The “jumble” we’ve got results in part from differing views of government over time–belief in a strong federal role during the Depression and again in the 1960’s, deference to states and the private sector taking hold in the 1990’s.

It’s also the product of conflicting values–fairness, individual freedom, family and community and, very importantly, self-reliance and the value of work. Taken as a whole, its goals are to protect the vulnerable and to provide both basic financial security and equal opportunity. But some programs focus on one and some on another. They can work at cross-purposes–even internally.

Still there’s a common thread. Benefits should go mainly–or exclusively–to those who deserve them. And the way you deserve them is by working or having worked.

Children are a partial exception here because benefits for them are designed to help them grow up to be workers. There are also some limited exceptions for people who we’ve decided can’t work through no fault of their own–for example, individuals with severe disabilities. Not included are people who face barriers like lack of skills, race discrimination and/or a criminal record. And, of course, recent immigrants are beyond the pale.

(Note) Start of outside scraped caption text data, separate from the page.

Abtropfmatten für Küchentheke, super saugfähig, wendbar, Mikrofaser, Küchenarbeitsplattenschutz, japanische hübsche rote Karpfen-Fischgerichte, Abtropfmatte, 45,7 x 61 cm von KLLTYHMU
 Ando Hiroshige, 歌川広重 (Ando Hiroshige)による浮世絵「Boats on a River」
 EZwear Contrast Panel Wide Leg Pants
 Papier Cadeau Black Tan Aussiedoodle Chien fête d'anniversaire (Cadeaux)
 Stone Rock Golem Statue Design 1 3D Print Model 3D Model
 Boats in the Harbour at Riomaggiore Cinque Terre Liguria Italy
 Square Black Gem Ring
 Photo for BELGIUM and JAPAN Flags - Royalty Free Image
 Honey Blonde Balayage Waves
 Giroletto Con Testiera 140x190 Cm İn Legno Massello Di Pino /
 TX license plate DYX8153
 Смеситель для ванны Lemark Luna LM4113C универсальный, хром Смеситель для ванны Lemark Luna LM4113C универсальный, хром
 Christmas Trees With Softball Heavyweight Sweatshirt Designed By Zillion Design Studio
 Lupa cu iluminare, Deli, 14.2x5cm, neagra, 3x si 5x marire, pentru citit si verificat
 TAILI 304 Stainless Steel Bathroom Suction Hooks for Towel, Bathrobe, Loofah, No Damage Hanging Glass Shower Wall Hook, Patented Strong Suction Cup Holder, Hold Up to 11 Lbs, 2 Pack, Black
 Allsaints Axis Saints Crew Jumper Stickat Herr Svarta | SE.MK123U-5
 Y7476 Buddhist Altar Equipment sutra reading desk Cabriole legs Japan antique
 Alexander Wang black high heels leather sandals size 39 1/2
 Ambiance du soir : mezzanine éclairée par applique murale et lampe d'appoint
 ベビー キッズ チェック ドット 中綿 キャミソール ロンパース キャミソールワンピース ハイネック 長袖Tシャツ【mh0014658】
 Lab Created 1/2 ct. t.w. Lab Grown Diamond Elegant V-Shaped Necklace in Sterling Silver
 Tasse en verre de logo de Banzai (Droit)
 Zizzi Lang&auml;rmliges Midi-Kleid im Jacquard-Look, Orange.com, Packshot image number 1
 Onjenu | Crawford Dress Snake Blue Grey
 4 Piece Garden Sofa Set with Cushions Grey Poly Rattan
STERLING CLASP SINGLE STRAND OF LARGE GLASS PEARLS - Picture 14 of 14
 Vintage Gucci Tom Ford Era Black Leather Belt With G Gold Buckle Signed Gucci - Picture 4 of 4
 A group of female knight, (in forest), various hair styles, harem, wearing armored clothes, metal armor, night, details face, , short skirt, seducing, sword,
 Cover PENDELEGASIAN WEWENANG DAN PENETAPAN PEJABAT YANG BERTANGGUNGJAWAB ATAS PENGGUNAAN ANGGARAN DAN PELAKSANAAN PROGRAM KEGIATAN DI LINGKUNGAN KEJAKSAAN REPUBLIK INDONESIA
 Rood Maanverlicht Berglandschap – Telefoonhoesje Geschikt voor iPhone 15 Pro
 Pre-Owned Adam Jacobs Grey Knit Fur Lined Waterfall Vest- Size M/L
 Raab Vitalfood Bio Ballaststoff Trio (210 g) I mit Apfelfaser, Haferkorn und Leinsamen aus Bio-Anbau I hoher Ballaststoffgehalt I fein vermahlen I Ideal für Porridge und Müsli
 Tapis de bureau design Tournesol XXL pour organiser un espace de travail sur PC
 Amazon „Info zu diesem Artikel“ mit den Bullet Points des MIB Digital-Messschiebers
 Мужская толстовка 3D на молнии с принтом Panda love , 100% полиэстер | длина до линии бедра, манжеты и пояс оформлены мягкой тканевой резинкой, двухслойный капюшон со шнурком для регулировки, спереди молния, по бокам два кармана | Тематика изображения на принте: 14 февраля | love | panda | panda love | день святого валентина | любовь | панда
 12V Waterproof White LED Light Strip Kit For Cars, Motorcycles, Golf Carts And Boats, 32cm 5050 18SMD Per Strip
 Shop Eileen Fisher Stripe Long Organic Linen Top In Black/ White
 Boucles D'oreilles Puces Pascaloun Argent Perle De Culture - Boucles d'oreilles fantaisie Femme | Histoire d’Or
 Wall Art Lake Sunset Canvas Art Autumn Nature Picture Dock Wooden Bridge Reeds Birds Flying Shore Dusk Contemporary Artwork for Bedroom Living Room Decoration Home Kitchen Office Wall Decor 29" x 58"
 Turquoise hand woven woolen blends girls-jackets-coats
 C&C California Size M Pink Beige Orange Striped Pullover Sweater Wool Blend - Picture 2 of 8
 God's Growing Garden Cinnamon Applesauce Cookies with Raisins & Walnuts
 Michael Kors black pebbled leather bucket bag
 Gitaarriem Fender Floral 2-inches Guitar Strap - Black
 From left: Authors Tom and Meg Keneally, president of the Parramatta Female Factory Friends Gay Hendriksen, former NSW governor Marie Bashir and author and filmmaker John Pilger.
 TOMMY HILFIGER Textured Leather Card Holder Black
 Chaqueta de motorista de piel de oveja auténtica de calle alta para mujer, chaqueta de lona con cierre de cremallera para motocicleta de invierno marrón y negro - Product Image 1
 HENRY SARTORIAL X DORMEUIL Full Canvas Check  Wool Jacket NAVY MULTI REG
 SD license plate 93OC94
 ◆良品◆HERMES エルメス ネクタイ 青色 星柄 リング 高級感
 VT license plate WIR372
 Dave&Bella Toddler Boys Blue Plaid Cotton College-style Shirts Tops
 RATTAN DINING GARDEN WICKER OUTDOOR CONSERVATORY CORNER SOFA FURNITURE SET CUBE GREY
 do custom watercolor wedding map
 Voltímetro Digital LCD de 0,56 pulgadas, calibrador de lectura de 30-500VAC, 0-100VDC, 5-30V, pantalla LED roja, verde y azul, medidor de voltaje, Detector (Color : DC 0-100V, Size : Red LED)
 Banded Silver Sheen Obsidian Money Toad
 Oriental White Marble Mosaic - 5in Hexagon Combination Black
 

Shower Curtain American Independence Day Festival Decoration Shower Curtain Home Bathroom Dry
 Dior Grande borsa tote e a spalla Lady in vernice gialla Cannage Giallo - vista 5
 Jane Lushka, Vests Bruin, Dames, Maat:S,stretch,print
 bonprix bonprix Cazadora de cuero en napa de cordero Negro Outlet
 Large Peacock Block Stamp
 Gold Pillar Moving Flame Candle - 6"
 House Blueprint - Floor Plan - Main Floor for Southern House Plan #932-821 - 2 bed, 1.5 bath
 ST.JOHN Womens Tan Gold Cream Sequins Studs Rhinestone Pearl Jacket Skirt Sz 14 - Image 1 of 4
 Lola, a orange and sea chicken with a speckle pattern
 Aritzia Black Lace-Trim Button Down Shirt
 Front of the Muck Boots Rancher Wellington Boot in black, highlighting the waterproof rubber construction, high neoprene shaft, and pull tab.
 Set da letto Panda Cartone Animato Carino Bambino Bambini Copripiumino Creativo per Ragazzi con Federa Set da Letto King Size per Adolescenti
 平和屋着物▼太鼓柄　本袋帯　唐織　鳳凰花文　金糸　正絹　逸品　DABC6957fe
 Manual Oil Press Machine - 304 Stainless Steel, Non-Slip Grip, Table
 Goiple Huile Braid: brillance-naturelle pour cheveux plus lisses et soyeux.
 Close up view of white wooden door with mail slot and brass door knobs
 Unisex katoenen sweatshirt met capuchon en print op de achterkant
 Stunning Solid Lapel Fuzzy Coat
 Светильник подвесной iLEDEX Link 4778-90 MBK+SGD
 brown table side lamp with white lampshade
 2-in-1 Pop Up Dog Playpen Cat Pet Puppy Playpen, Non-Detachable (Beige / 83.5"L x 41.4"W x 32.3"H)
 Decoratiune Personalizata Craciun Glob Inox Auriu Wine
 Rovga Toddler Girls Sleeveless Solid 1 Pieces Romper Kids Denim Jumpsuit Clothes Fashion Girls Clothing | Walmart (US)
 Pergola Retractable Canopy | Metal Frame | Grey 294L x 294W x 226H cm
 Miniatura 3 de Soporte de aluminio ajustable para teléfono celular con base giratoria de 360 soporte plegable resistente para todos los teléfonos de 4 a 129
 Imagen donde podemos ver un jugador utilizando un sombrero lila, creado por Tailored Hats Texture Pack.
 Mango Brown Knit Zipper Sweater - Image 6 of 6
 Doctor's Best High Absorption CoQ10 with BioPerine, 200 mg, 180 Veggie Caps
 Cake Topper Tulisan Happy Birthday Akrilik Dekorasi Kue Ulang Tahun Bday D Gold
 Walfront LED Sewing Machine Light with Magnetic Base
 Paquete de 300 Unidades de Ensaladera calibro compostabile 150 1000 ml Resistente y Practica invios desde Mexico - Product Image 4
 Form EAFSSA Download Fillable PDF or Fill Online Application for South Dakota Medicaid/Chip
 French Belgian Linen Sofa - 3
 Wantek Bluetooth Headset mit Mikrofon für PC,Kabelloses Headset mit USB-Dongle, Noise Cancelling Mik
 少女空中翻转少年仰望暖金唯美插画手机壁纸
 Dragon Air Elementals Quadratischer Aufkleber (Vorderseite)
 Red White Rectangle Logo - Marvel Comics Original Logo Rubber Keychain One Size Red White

No panelist seemed inclined to question this notion of the deserving poor. As I’ve written before, Ron Haskins is a true believer. Not so Demetra Nightingale (source of the above). But she apparently believes that reforms to our safety net have to respect our existing framework of values, i.e., give primacy to the work ethic.

From a practical political perspective, she’s probably right. But I wish it were otherwise.

I’m not questioning the value of work. For me personally, it’s been a continuing source of personal fulfillment, connectedness and autonomy. So I’m all for programs that help people who want to work–and I believe most do–find employment that offers them reasonable security and satisfaction.

But I wonder about assigning value only to paying work. Why insist that self-sufficiency trumps contributing to the common good–that getting a paycheck makes one more deserving than raising a child or campaigning for a cause or cleaning up the neighborhood?

More basically, I’m troubled by the paradigm. By and large, we seem to view our safety net as an act of collective charity extended to individuals we deem worthy of our care. So we debate who is deserving and how much we can afford to dispense to them once we’ve taken care of other priorities.

What if we instead viewed the safety net as an essential component of our shared interest in a healthy, prosperous, humane community?

I realize this is a pie-in-the-sky notion for a country that’s built on a myth of rugged individuals boot-strapping their way up the economic scale, looking out for themselves and their families, responsible for all they and their forebears have amassed.

But I think we’d all be better off if we thought more about the welfare of the whole and less about who deserves welfare.

NOTE: For a bird’s-eye view of the complexities and internal conflicts in our safety net, take a look at the charts reproduced from Repairing the U.S. Safety Net, co-authored by Nightingale and her Urban Institute colleague Martha Burt.